Penderita sindroma otak organik, menurut Djoko, secara umum
kehilangan sikap abstrak: tak mampu bila dihadapkan pada situasi
yang membutuhkan abstraksi seperti merencanakan sesuatu. Ia juga
akan terganggu menghadapi situasi yang berubah-ubah. Tapi, kata
Djoko, "bila menghadapi pekerjaan rutin seperti merokok, mencuci
atau pembicaraan ringan, penderita penyakit ini kelihatan
seperti orang normal."
Gejala pada penderita yaitu: sering sakit kepala berlebihan,
napas cepat, nadi tak teratur dan bila berjalan merasa goyang.
Ia bisa agresif bila tak dapat menguasai situasi. Namun, "hal
itu tidak dilakukannya secara sadar." Tambah Djoko lagi:
penderita sindroma otak organik tak bisa disembuhkan. Obat hanya
berfungsi agar keadaannya tidak bertambah parah.

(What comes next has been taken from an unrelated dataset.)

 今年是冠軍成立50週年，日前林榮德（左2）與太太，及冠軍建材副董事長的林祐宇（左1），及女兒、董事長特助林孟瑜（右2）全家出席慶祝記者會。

Jaksa J.R. Bangun dalam sidang dua pekan lalu, rupanya yakin
akan penyakit tertuduh. Bangun sendiri memang percaya terdakwa
bersalah turut serta melakukan pembunuhan berencana, seperti
diatur pasal 340 jo pasal 55 (1) KUHPidana. Tapi karena
keadaannya, kepada Fauzi tak bisa dimintakan tanggung jawab atas
perbuatan itu.
"Saya berpegang kepada visum dokter Djoko dan keterangan dokter
Dengara Pane, yang menjadi saksi ahli dalam sidang," kata Bangun
kepada TEMPO.
Ia merasa tak punya alasan untuk meragukan keterangan saksi ahli
itu, bab visum yang dibuat Djoko merupakan hasil "godokan"
lima orang ahli di RSPAD. Dan di Rumah Sakit Jiwa Grogol,
terdakwa diobservasi tujuh ahli empat psikiater, dua psikolog
dan seorang neurolog. "Kalau sudah 12 ahli yang memeriksa,
mengapa saya tidak percaya?" kata Bangun lagi.

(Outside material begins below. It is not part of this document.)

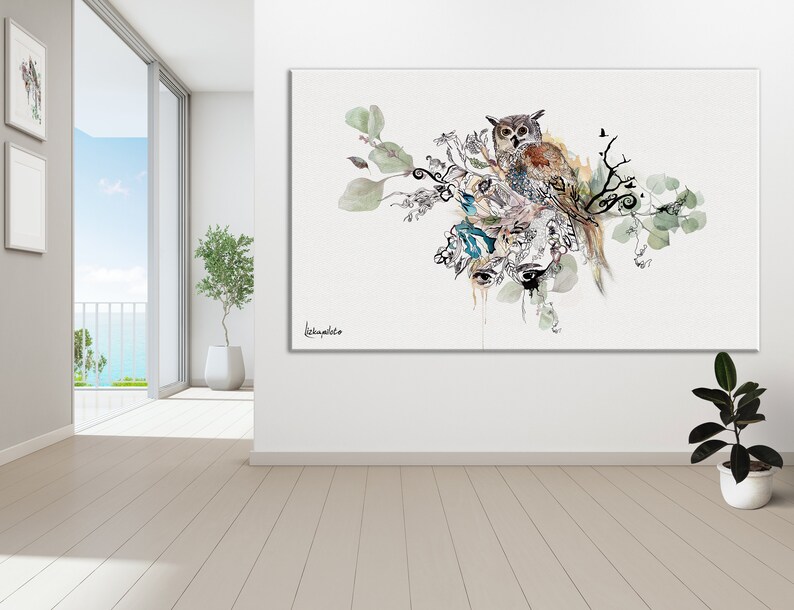 Puede incluir: Una pintura de acuarela de un b&uacute;ho posado en una rama con hojas verdes y un fondo azul claro. El b&uacute;ho es marr&oacute;n y blanco con ojos amarillos. La pintura est&aacute; firmada "Lechwaldo" en la esquina inferior izquierda.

Tuntutan bebas dari jaksa, membuat pembela Yan Apul senang,
tentu saja. Apalagi karena ia yakin, kliennya "betul-betul tidak
waras." Pernah, katanya, Fauzi mengeluh pusing. Yan memberi Rp
10 ribu untuk berobat ke dokter.
Ketika Fauzi balik lagi, pembela itu meminta perincian uang yang
ia berikan. Fauzi pun menjawab: yang Rp 5 ribu untuk berobat dan
yang Rp 7 ribu untuk makan-makan. Padahal ia tak punya uang lain
selain pemberian yang Rp 10 ribu itu.
Tapi tingkat kesadaran Haji Fauzi sebenarnya cukup baik,
seperti tertera dalam visum Djoko yang diserahkan kepada
pengadilan. Asalkan, ia tidak dahulu keadaan tegang atau stress.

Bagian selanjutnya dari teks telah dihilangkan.